Daily Reflection
August 2nd, 2000
by
Richard Super
History Department
Click here for a photo of and information on this writer.


Saint Eusebius of Vercelli, bishop - Memorial
Jeremiah 15:10, 16-21
Psalms 59:2-4, 10-11, 17, 18
Matthew 13:44-46

Today’s liturgy attends to prophets.  It is the feast day of St. Eusebius, a 4th century bishop from the Piedmont region of Italy, remembered particularly for his lifelong protest against the then popular belief in Arianism.  For resolutely contending that Jesus, as God the Son, was co-equal and co-eternal with God the Father, Eusebius suffered rejection, exile, imprisonment, and even physical abuse.  Fittingly, today’s first reading is from the prophet, Jeremiah, “a man of strife and contention to all the land,” who laments that he was ever born, yet still finds strength in the certainty that he was speaking God’s truth.  In response, God promises to “make you toward this people a solid wall of brass.  Though they fight against you, they shall not prevail, for I am with you, to deliver and rescue you.”

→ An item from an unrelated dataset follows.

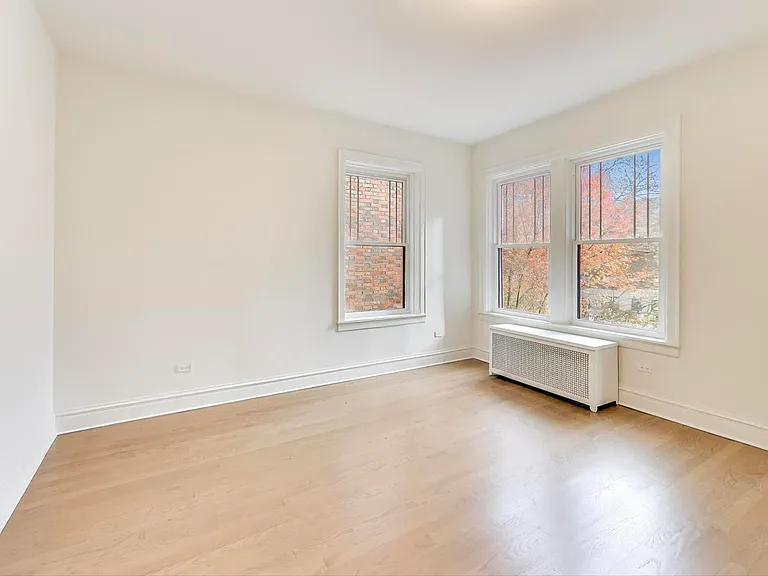 E Madison Park — Photo 26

My reflection on prophets, while it usually turns to self-examination of how well I am prophet to others, this time turned to remembrances of those prophets of my own life, “mouthpieces” of God I am sure, who brought His sometimes uncomfortable truth to me.  The grade school teacher who confronted me with my individual worth and talents.  The mentor who demanded a professional attitude and demeanor.  A spouse who insisted on a cheerful approach to daily life.  For these mostly distant “prophets” I prayed with gratitude; each was certainly a messenger from God’s love.

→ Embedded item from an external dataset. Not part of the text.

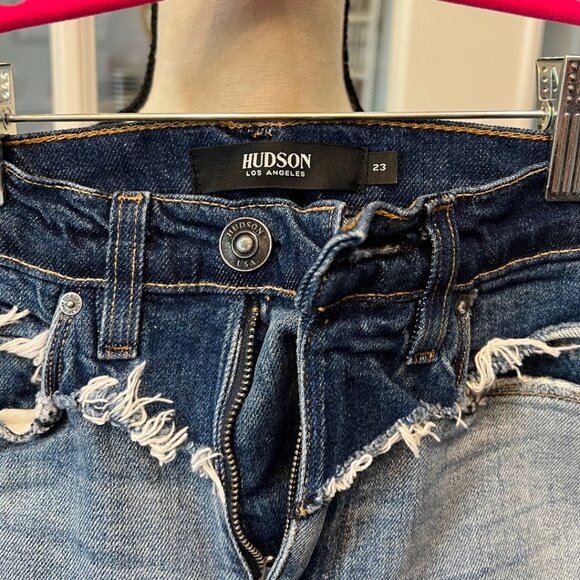 Hudson Los Angeles Distressed Two Tone Flare Jeans 23 - Picture 5 of 9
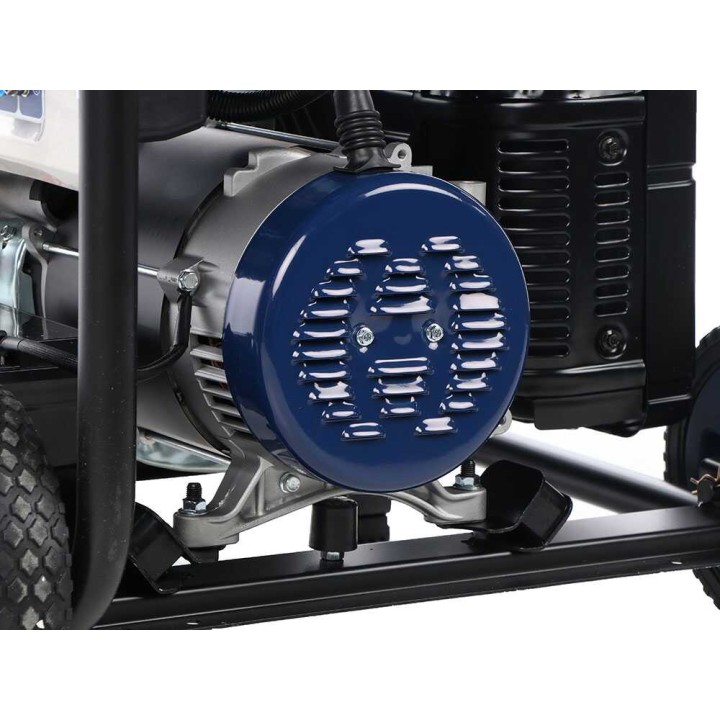 BullMach AMBRA 13800 E-3 kolmivaihegeneraattori, 9 kW, AVR ja ATS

But who are my present-day prophets?  And do I listen to them with the same sense of acceptance and gratefulness?  How, for instance, do I hear the spiritual director who points me toward a different, less familiar, path?  Am I grateful for the friend who challenges me to live life more out of the heart and less out of my head?  Do I exalt in the daughter who grows up and away gracefully, thereby calling me to grow with her?  Do I understand and honor them also as the loving bearers of God’s truth?  Do I really realize that each of them are pointing out to me, as the Gospel proclaims, where lies that “treasure buried in a field” and where I might find that “pearl of great price?”